:: Supplied data

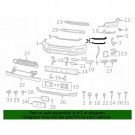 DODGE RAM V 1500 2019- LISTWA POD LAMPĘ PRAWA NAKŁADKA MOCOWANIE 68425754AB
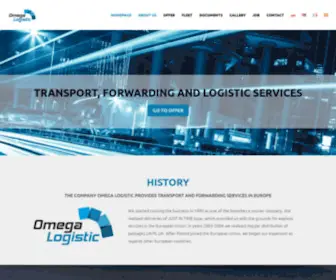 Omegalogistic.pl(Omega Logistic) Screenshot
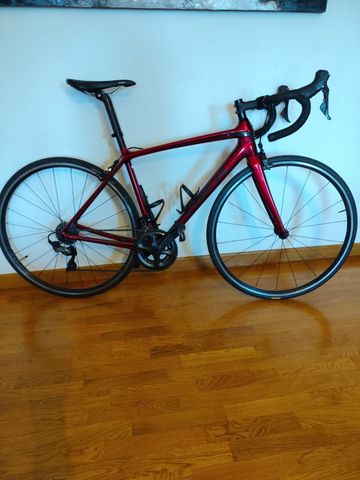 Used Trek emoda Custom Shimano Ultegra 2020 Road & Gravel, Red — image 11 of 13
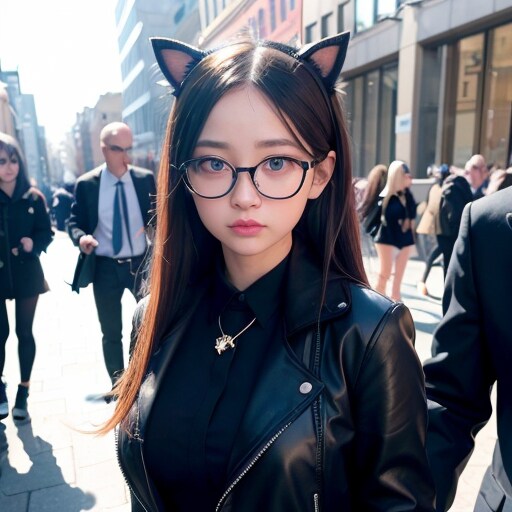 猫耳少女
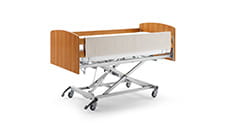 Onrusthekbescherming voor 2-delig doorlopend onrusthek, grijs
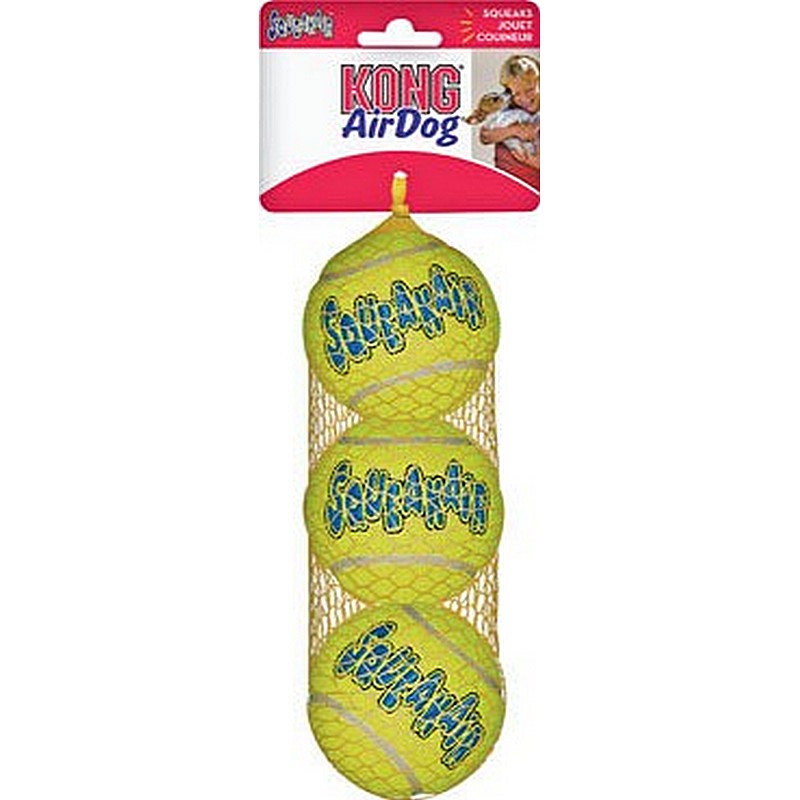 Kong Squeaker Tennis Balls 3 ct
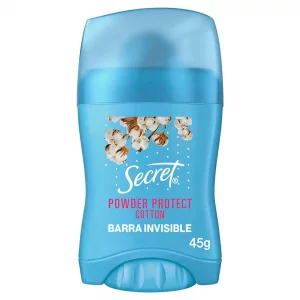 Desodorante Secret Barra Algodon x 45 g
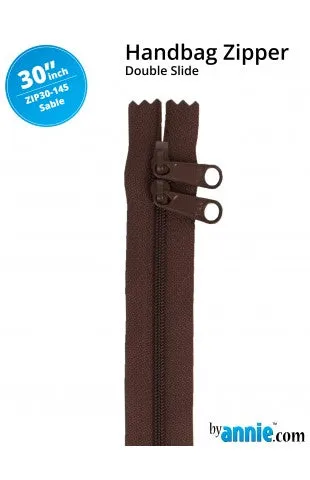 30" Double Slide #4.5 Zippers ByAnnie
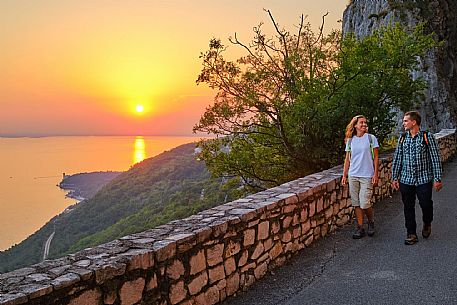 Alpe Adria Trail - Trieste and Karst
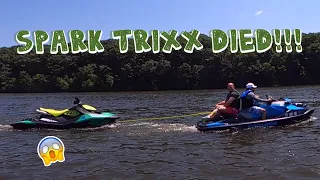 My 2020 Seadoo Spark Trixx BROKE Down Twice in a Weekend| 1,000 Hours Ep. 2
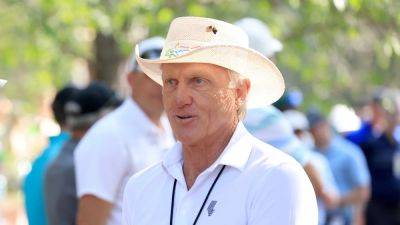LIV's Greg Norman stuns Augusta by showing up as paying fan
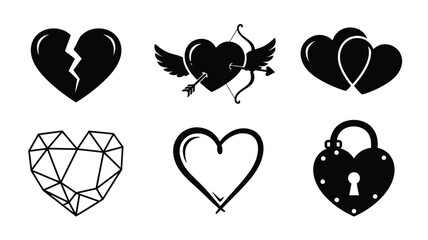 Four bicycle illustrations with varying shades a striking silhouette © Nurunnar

::::
:: Supplied data

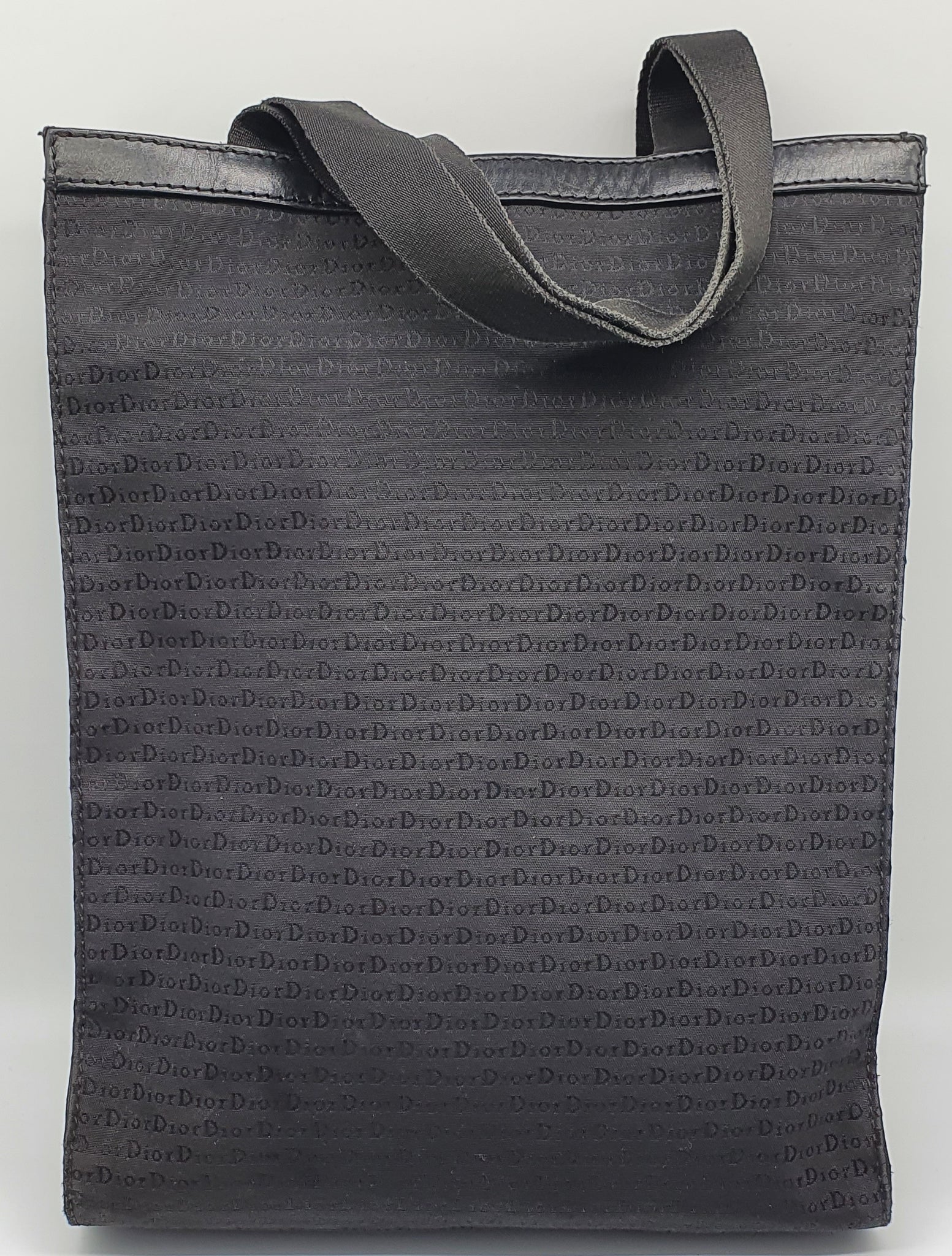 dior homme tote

::::

→ Problem statement
Nothing but the lines above from the one that has "Used Trek emoda" down to the one that has "Four bicycle illustrations" belongs in the answer, copied exactly, without pictures.

→ Finished exercise
 Used Trek emoda Custom Shimano Ultegra 2020 Road & Gravel, Red — image 11 of 13
 猫耳少女
 Onrusthekbescherming voor 2-delig doorlopend onrusthek, grijs
 Kong Squeaker Tennis Balls 3 ct
 Desodorante Secret Barra Algodon x 45 g
 30" Double Slide #4.5 Zippers ByAnnie
 Alpe Adria Trail - Trieste and Karst
 My 2020 Seadoo Spark Trixx BROKE Down Twice in a Weekend| 1,000 Hours Ep. 2
LIV's Greg Norman stuns Augusta by showing up as paying fan
 Four bicycle illustrations with varying shades a striking silhouette © Nurunnar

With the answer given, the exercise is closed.